:: Brief ::
Word for word, set down the lines from the one that holds "Renault Clio Iii" through the final line of the listing below, and exclude every picture.
*** Opening Data in this exercise ***
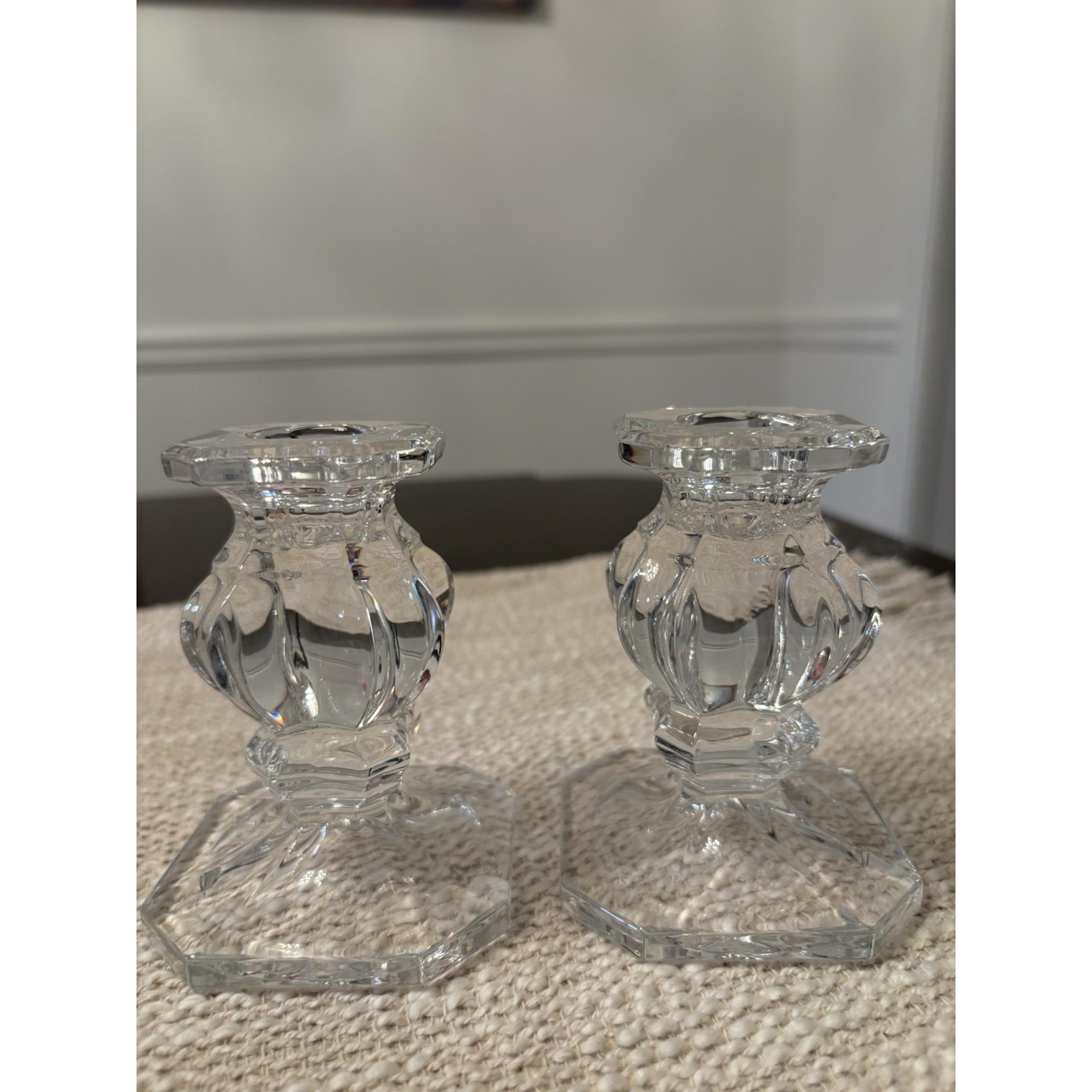 Gorham Crystalites Lead Crystal Candlestick Taper Candle Holders 4"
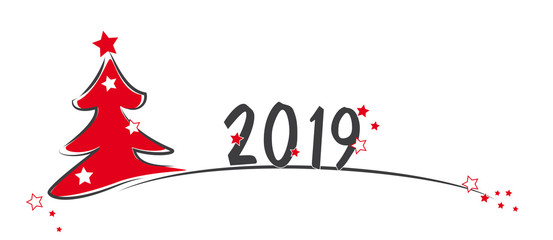 tannenbaum rot mit jahreszahl 2019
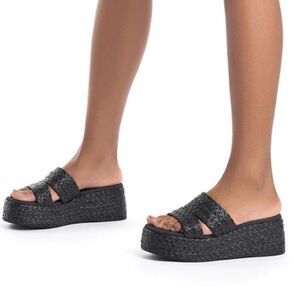 PENDING: Larroude Black Woven Platform Slide Sandals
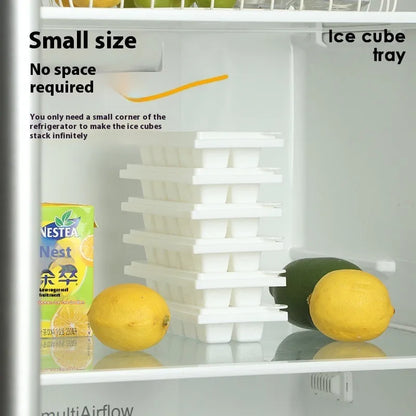 Twist-release ice cube tray with sealing lid in green, peach, or white colour options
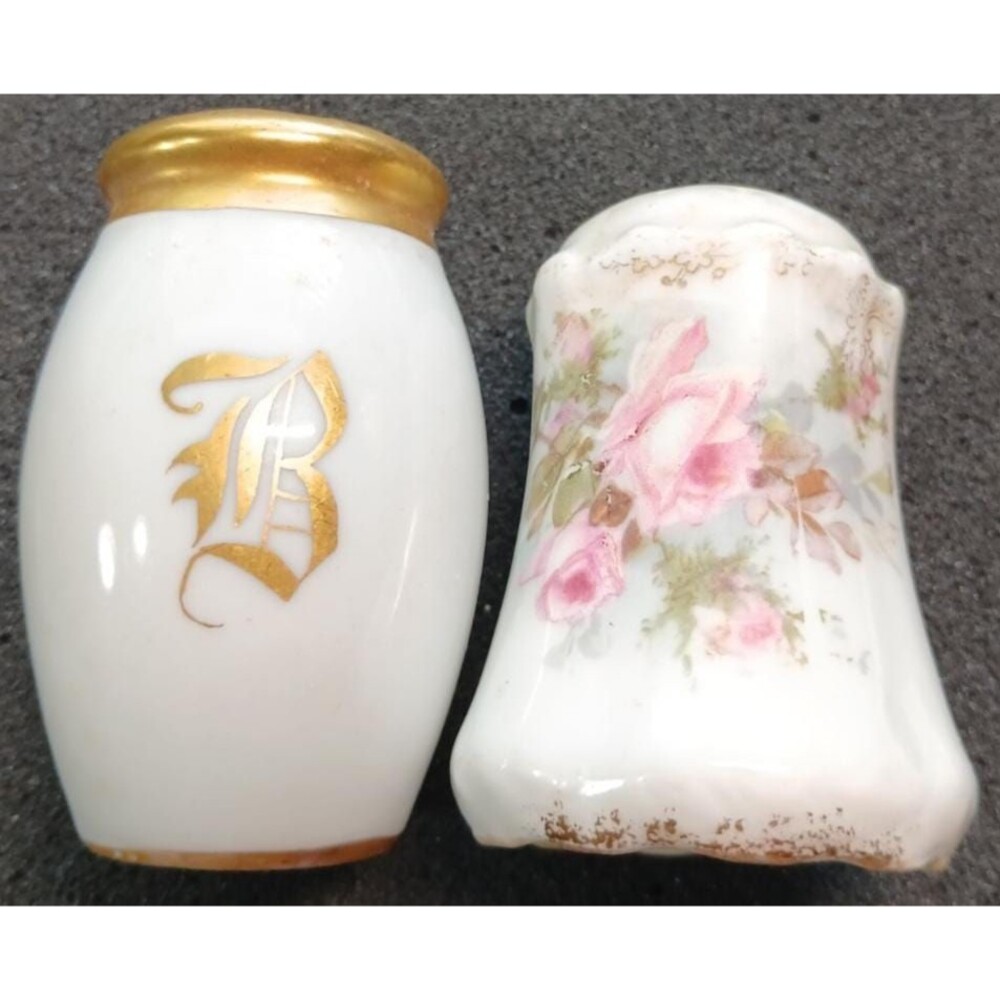O&EG Austria Porcelain Shakers Hand Painted Floral Gold Mismatched Set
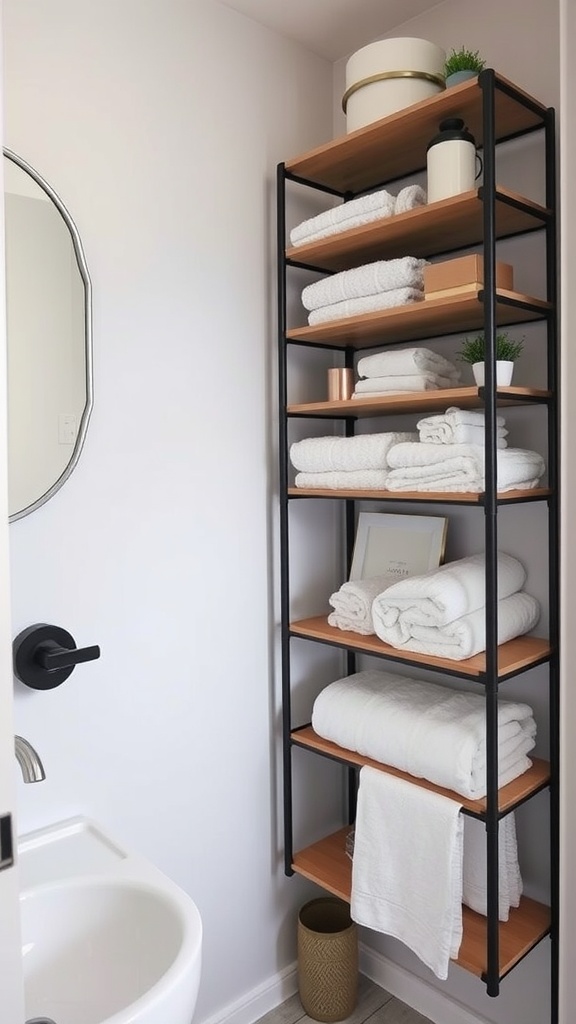 A modern vertical shelving unit in a small bathroom displaying neatly stacked towels and decorative items.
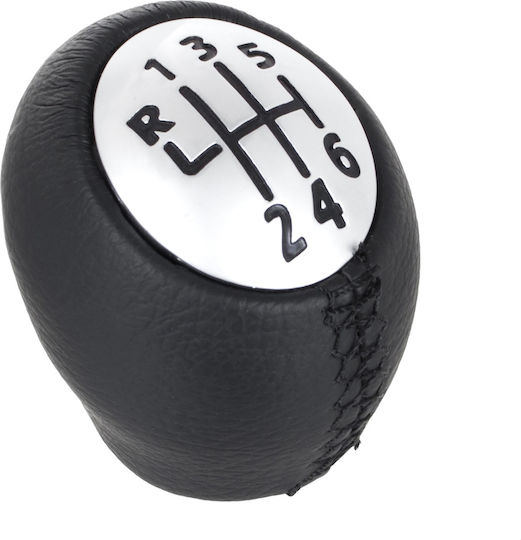 Renault Clio Iii 05-12 Gear Shift Knob Black Eco Leather + Silver + Black Gaiter Silver Frame 6 Speed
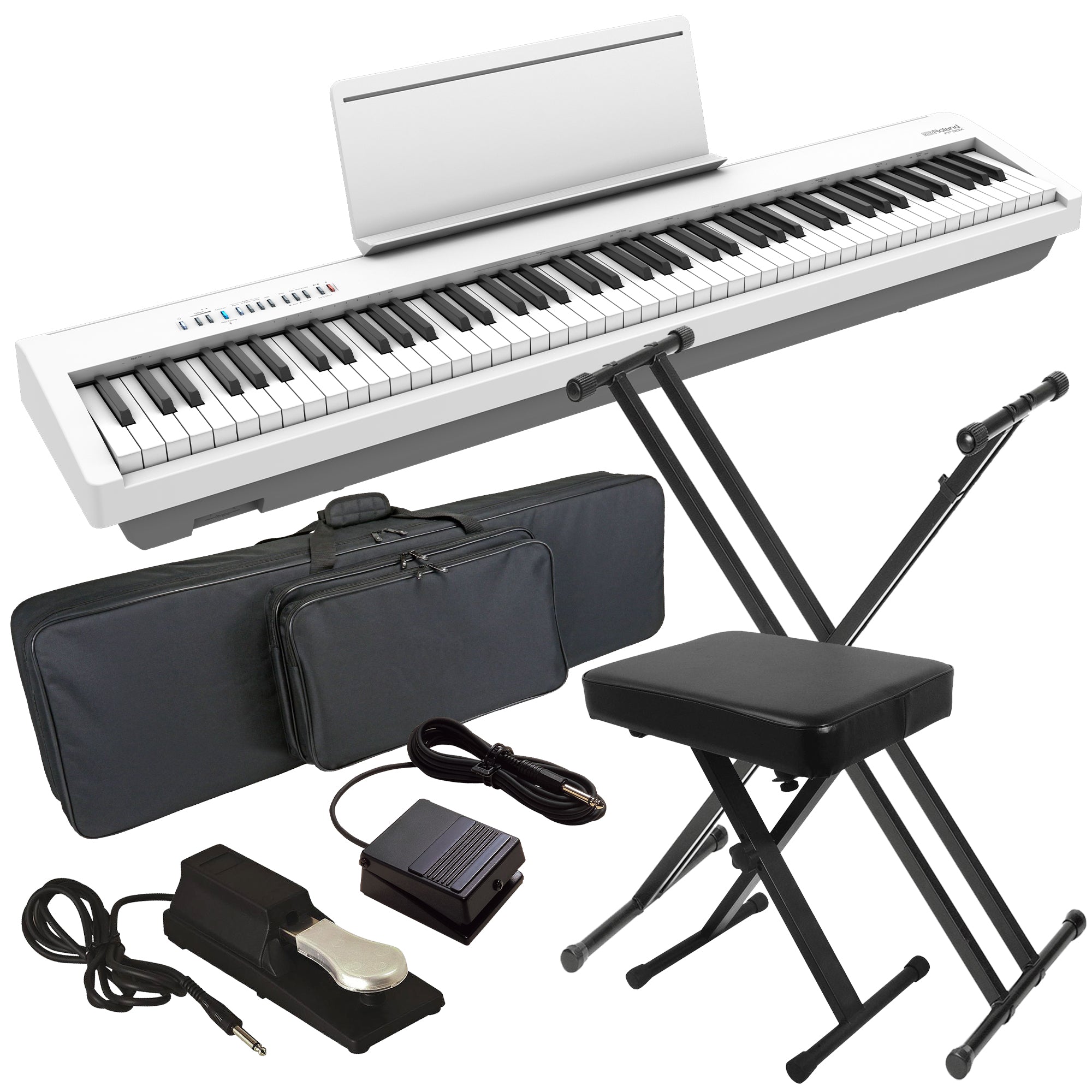 Roland FP-30X Digital Piano - White STAGE ESSENTIALS BUNDLE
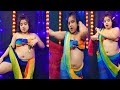Just Firing Desi Style Rainbow Chiffon Saree With No Blouse Back Pose And Navel Fashion Video ️ �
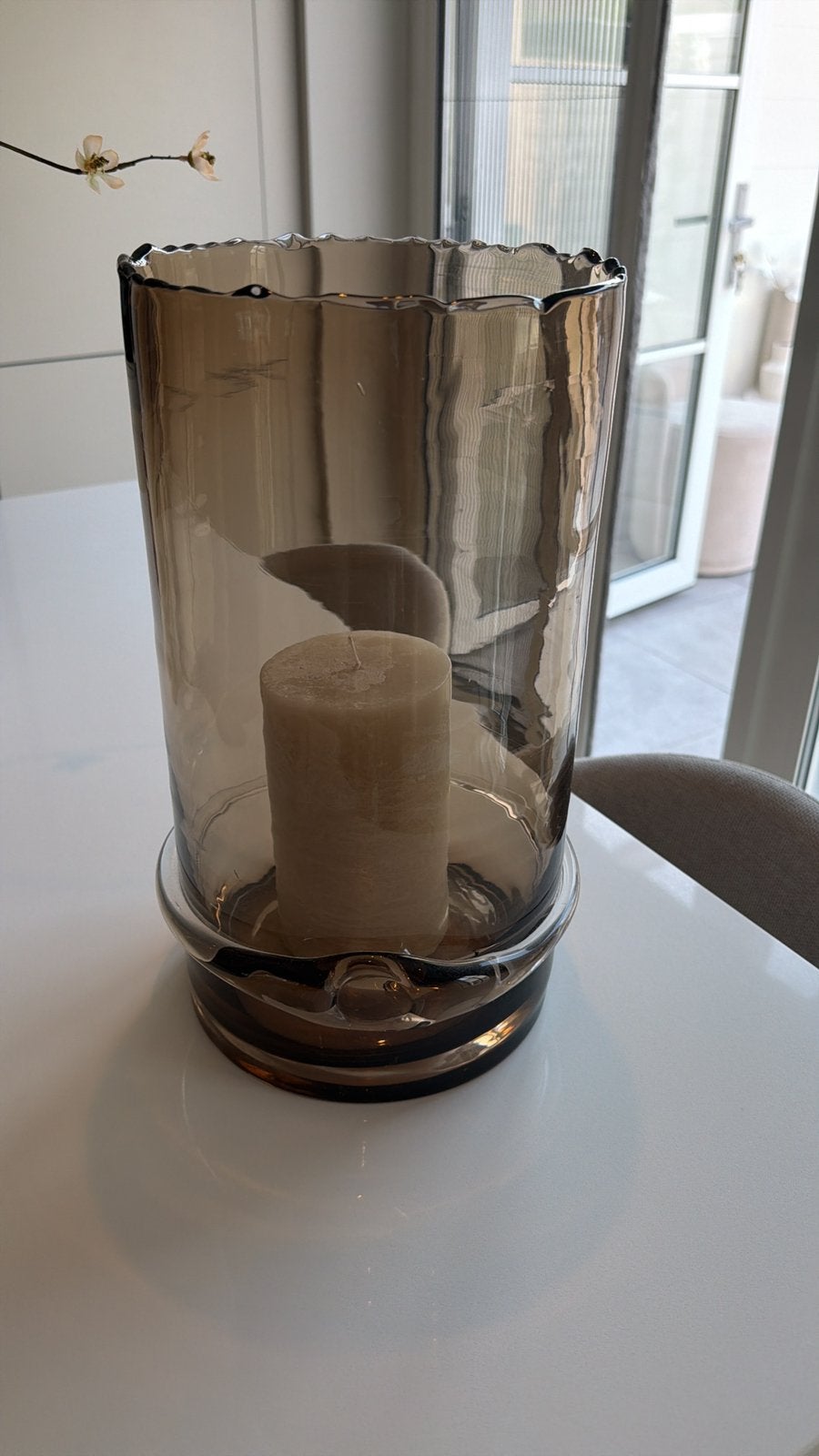 Mooi luxe windlicht / vaas in smoke glas, Ophalen of Verzenden, Zo goed als nieuw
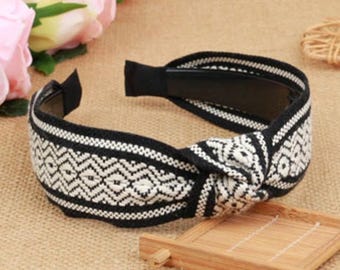 Black rhombus ribbon Knotted Headband,ribbon Headband,Original Boho Headband,Aliceband,stylish fashion hairband,Headbands for women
*** Closing Data in this exercise ***
:: Exercise output ::
 Renault Clio Iii 05-12 Gear Shift Knob Black Eco Leather + Silver + Black Gaiter Silver Frame 6 Speed
 Roland FP-30X Digital Piano - White STAGE ESSENTIALS BUNDLE
Just Firing Desi Style Rainbow Chiffon Saree With No Blouse Back Pose And Navel Fashion Video ️ �
 Mooi luxe windlicht / vaas in smoke glas, Ophalen of Verzenden, Zo goed als nieuw
 Black rhombus ribbon Knotted Headband,ribbon Headband,Original Boho Headband,Aliceband,stylish fashion hairband,Headbands for women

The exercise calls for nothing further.